Weight-Training Diet Plan for Women

Whether you're lifting weights to improve muscle strength or physique, what you eat matters. While protein is certainly important for muscle growth, a weight-training diet for women should be balanced and include a healthy mix of carbs, protein and fat to improve workouts, strength and tone. Consult your doctor before making any changes to your diet.

Young woman working out in gym. (Image: Chris Clinton/Photodisc/Getty Images)

The Right Number of Calories

When weight-training to build muscle, you should get the right number of calories. Eating too few calories may lead to muscle loss, while eating more calories than your body needs may lead to fat gain. How many calories a women needs to eat on a weight-training diet depends on age and activity level and ranges from 1,800 to 2,400 calories a day. Your doctor or dietitian can help you determine your calorie needs to promote muscle growth.

Eating Enough Carbs

Carbs are your body's preferred source of energy, and making sure you get enough carbs throughout the day spares your body from using muscle for energy. You should aim for 2.3 to 3.6 grams of carbs per pound of body weight a day when weight training, or 276 grams to 432 grams for a woman weighing 120 pounds. Include nutrient-rich carb foods, such as fruits, vegetables and whole grains, to maximize the nutritional quality of your diet.

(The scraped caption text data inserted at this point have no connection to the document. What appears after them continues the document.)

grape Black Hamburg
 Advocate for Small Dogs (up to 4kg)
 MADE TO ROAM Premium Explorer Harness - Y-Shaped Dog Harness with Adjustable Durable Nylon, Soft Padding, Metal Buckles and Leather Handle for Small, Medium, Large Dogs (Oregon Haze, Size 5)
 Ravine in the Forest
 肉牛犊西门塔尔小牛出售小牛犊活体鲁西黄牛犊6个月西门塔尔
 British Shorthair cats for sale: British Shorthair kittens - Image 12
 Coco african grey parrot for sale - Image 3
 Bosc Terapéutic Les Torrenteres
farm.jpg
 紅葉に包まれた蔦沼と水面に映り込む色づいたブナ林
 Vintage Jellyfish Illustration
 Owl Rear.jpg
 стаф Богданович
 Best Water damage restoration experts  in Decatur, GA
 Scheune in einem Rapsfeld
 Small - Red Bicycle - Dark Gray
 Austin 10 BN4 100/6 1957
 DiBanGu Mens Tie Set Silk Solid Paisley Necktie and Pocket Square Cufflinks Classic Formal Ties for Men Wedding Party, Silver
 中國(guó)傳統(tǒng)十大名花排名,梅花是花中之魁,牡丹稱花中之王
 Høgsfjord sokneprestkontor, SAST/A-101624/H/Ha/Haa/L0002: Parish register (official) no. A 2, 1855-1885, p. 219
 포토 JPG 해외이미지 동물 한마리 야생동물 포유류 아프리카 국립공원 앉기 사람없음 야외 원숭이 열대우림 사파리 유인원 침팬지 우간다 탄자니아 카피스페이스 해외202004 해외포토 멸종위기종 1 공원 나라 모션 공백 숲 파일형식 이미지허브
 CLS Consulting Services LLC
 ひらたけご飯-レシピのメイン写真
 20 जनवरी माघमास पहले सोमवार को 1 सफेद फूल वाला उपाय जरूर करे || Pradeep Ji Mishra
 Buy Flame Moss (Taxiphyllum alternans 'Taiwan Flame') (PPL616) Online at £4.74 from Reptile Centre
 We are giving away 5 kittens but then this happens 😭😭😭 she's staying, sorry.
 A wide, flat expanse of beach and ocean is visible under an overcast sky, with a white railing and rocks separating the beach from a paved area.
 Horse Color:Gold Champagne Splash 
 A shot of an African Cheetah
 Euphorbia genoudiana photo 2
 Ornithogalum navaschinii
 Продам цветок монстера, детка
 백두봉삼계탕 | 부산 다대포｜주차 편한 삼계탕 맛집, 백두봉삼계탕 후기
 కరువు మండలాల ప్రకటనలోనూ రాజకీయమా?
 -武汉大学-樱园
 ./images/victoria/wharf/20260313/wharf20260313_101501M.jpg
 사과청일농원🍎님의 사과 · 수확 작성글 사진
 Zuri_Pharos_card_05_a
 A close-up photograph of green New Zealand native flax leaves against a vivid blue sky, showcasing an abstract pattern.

Protein for Muscle Building

As a weight-training woman, your protein needs are higher compared to a woman who doesn't exercise at all. To promote muscle growth, you need 0.9 to 1 gram of protein per pound of body weight, or 108 to 120 grams of protein for a 120-pound woman. Protein should come from high-quality sources such as eggs, low-fat milk, fish, lean meat, poultry, beans, grains and nuts.

Healthy Fats

While you may want to limit the fat in your diet to promote a leaner look, eating too little fat may impair your workout and increase risk of nutritional deficiencies. A healthy weightlifting diet for a woman should include 20 percent to 35 percent of calories from fat. Including heart-healthy sources of fat, such as fatty fish like salmon, nuts, seeds and oils, can help limit your intake of saturated fat.

Putting it All Together

When you weight-train, it is important to eat regularly -- three meals and one to two snacks a day -- and have a source of protein and a fruit or vegetable at each meal and snack. For example, a healthy weight-training breakfast might include a boiled egg with a toasted whole-wheat English muffin and a banana. At lunch, you might enjoy mixed greens topped with grilled salmon, raisins and almonds with a whole-wheat roll. A healthy dinner meal might include broiled chicken with roasted potatoes and steamed broccoli. An apple with peanut butter or a low-fat yogurt with an orange make good snack choices.